For a report, CeMAS evaluated 1.3 million messages from more than 400 German-language Telegram channels and examined how right-wing extremists solicit donations there. The report that dem Bavarian radio was previously available and is due to be published today. It covers the period from September 2016 to May 2023. The analysis shows: Right-wing extremists openly advertise for donations using their real names. They use a variety of methods, such as the payment service provider PayPal, cryptocurrencies, crowdfunding or donations via live streaming platforms.

But the classic bank account is still the most important means for right-wing extremists to solicit donations. “There are individual right-wing extremist actors whose bank accounts have been closed, but in general this represents a very safe and simple form of financing,” says Dittrich from CeMAS.

Closed PayPal accounts of right-wing extremists after BR inquiry

BRReporters queried 109 IBANs and 38 PayPal accounts that right-wing extremists use to solicit donations from the respective banks at home and abroad as well as from the US payment service provider. He pointed out BR on the backgrounds of the account and account holders, for example on reports from constitutional protection authorities.

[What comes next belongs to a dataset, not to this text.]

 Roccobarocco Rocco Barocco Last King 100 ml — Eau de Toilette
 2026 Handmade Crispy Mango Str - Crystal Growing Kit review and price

PayPal deactivated ten accounts by the time of going to press, including several associated with the Identitarian Movement. On BR-A PayPal spokeswoman said the other accounts were still being checked internally and in a multi-stage process. Individual banks also responded BR Accounts queried were terminated, in some cases even before the query was made. The majority of financial institutions invoked banking secrecy and did not provide any information about individual accounts.

Miro Dittrich from CeMAS demands: If financial service providers close accounts after simple press inquiries, the authorities could also write such emails to banks: “If the plan is to dry up right-wing extremist financial flows, the security authorities are clearly in demand here.”

High legal hurdles

The research suggests that neither the Ministry of the Interior nor the Office for the Protection of the Constitution are influencing payment service providers to close specific accounts. Because there is no legal basis for this. The ministry refers to the Constitutional Protection Act. Accordingly, the intelligence service is only allowed to ask banks for information about individual accounts, such as account balances or transfers. The hurdles for this are high: According to the law, there must be facts that justify the assumption that “serious dangers” are imminent. So: extremism alone is not enough, more is needed.

The Federal Ministry of the Interior, for its part, writes that the drying up of financial flows decided in the action plan against right-wing extremism will be implemented by the Office for the Protection of the Constitution. He has “significantly expanded” the resources and capabilities in the area of ​​financial investigations over the past year and a half. However, the authorities do not point to any concrete successes.

More skills for Defense of Constitution?

MPs still see room for maneuver in draining the finances of the extreme right. The left-wing politician Clara Bünger said this BR: “We don’t see any drying up of the financial flows of right-wing extremist structures.” The Interior Minister has “no plan” as to how she wants to do this. The security authorities would have to consistently use all the instruments that are already available to them – similar to organized crime.

The SPD interior expert Sebastian Fiedler, on the other hand, called for the Office for the Protection of the Constitution to be given more authority to analyze the finances of extremists. The fact that the domestic intelligence service has so far only been able to look at accounts in the event of a “concrete danger” and terrorist financing is not enough.

Bundestag member Konstantin von Notz (Greens), chairman of the parliamentary control committee responsible for monitoring the intelligence services, said this BR, the coalition is working on a “major reform of intelligence law.” There is an openness in parliament to “look at this area and, if necessary, tighten it up legally,” said von Notz.